Al Qur'an menjawab misteri di balik utuhnya jasad Firaun pengejar Musa yang tenggelam di laut selama ribuan tahun
Halaman 1 dari 1 • Share
Al Qur'an menjawab misteri di balik utuhnya jasad Firaun pengejar Musa yang tenggelam di laut selama ribuan tahun
Fir’aun atau Pharaoh, adalah julukan bagi raja-raja Mesir kuno. Yang memerintah sesuai garis keturunan yang mereka miliki. Dari sekian banyaknya fir’aun Mesir yang telah berkuasa, paling menonjol adalah fir’aun Ramses II, yang berkuasa pada abad ke 14 SM. Pada masa pemerintahan fir’aun Ramses II inilah, kejayaan keluarga dinasti fir’aun dicapai. Ramses II, adalah fir’aun yang paling lama memerintah dalam sejarah Mesir kuno, yaitu +/- 60an tahun. Ia juga dikenal sebagai fir’aun penindas dan sangat kejam terhadap kaum minoritas bani Israil, serta ingin diakui sebagai tuhan, kerena dengan kuasanya dia berhak untuk menentukan seseorang hidup atau mati . Pada masa itu Fir'aun pernah bermimpi ada lelaki yang membuatnya jatuh dari kekuasaan di Mesir, maka keesokan harinya pun ia mememerintahkan untuk membunuh semua bayi laki-laki tanpa terkecuali, namun mukjizat telah berhasil meloloskan bayi Musa dari kekejaman Fir'aun. Bayi Musa terpaksa dihanyutkan melalui sungai untuk menghindari pembunuhan massal. Hingga akhirnya Musa beranjak dewasa dan diutus menjadi seorang Nabi. Ia pun menyeru kepada penduduk Mesir untuk menyembah hanya satu tuhan, ialah Allah SWT. Hingga akhirnya ia pun hendak dibunuh oleh Fir'aun
Setelah Musa A.S. dan pengikutnya mengetahui, bahwa bala tentara fir’aun sedang mengejar untuk membinasakan mereka, maka kucar-kacirlah mereka para kaum bani Israil, mereka meminta Musa a.s. untuk mencarikan jalan keluar untuk bisa selamat dari pengejaran fir’aun tersebut. Disaat itulah Muasa a.s. menerima wahyu dari Allah SWT, untuk memukulkan tongkatnya ke air laut merah. Seketika, laut pun terbelah dua, seakan memberikan jalan untuk mereka. Tanpa pikir panjang, Musa a.s. dan pengikutnya langsung menyeberangi laut tersebut, hingga sampai dengan selamat ke tepi pantai bagian timur daratan Hijaz. Seketika, bani Israil melihat dengan cemas, bahwa bala tentara fir’aun juga sedang melakukan penyeberangan melewati jalan mereka tadi. Namun, berselang beberapa saat kemudian, air laut pun kembali menyatu, serta membinasakan semua bala tentara fir’aun, termasuk fir’aun itu sendiri. Hingga akhirnya jenazah Fir'aun baru diketemukan setelah beberapa abad kemudian, namun mengejutkan bahwa jenazah fir'aun masih tetap utuh setelah tenggelam di lautan, sementara ratusan bahkan ribuan pasukan yang turut serta tenggelam, tidak diketemukan jenazahnya. Pada 1898, purbakalawan Loret, menemukan jenazah tokoh tersebut Fir'aun dalam bentuk mumi di Wadi Al-Muluk (Lembah Para Raja) berada di daerah Thaba, Luxor, di seberang Sungai Nil, Mesir. Kemudian 8 Juli 1907, Elliot Smith membuka pembalut-pembalut mumi itu dan ternyata badan Fir’aun tersebut masih dalam keadaan utuh.
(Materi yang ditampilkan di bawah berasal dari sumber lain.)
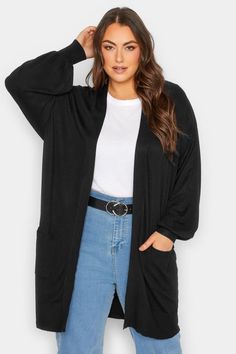 Shop YOURS Curve Black Balloon Sleeve Fine Knit Cardigan at Yours Clothing. Discover women’s plus size clothing in sizes 10-36 with fast delivery. Black Balloon, Fine Knit Cardigan, Black Balloons, Plus Size Cardigans, Vest White, Spring Wardrobe, Fashion Fits, Fine Knit, Knitwear Cardigan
090. Dan Kami memungkinkan Bani Israil melintasi laut, lalu mereka diikuti oleh Fir`aun dan bala tentaranya, karena hendak menganiaya dan menindas (mereka); hingga bila Fir`aun itu telah hampir tenggelam berkatalah dia: “Saya percaya bahwa tidak ada Tuhan melainkan Tuhan yang dipercayai oleh Bani Israil, dan saya termasuk orang-orang yang berserah diri (kepada Allah)”. 091. Apakah sekarang (baru kamu percaya), padahal sesungguhnya kamu telah durhaka sejak dahulu, dan kamu termasuk orang-orang yang berbuat kerusakan. 092. Maka pada hari ini Kami selamatkan badanmu supaya kamu dapat menjadi pelajaran bagi orang-orang yang datang sesudahmu dan sesungguhnya kebanyakan dari manusia lengah dari tanda-tanda kekuasaan Kami. (QS. Yunus [10] : 90-92)
tahun 1975, sebuah tawaran dari pemerintah Prancis datang kepada pemerintah Mesir. Perancis menawarkan bantuan untuk meneliti, mempelajari, dan menganalisis mumi Firaun. Mumi itu pun dibawa ke ruang khusus di Pusat Purbakala Prancis. Pemimpin ahli bedah sekaligus penanggung jawab utama dalam penelitian mumi ini adalah Prof Dr Maurice Bucaille. Bucaille adalah ahli bedah kenamaan Prancis dan pernah mengepalai klinik bedah di Universitas Paris. Bucaille memulai kariernya di bidang kedokteran pada 1945 sebagai ahli gastroenterology.
Setelah melakukan peneltian terhadap mumi tsb, ternyata hasil akhir yang ia peroleh sangat mengejutkan! Sisa-sisa garam yang melekat pada tubuh sang mumi adalah bukti terbesar bahwa dia telah mati karena tenggelam. Jasadnya segera dikeluarkan dari laut dan kemudian dibalsem untuk segera dijadikan mumi agar awet. Namun penemuan tersebut masih menyisakan sebuah pertanyaan dalam kepala sang professor: “Bagaimana jasad tersebut bisa lebih baik dari jasad-jasad yang lain, padahal dia dikeluarkan dari laut?”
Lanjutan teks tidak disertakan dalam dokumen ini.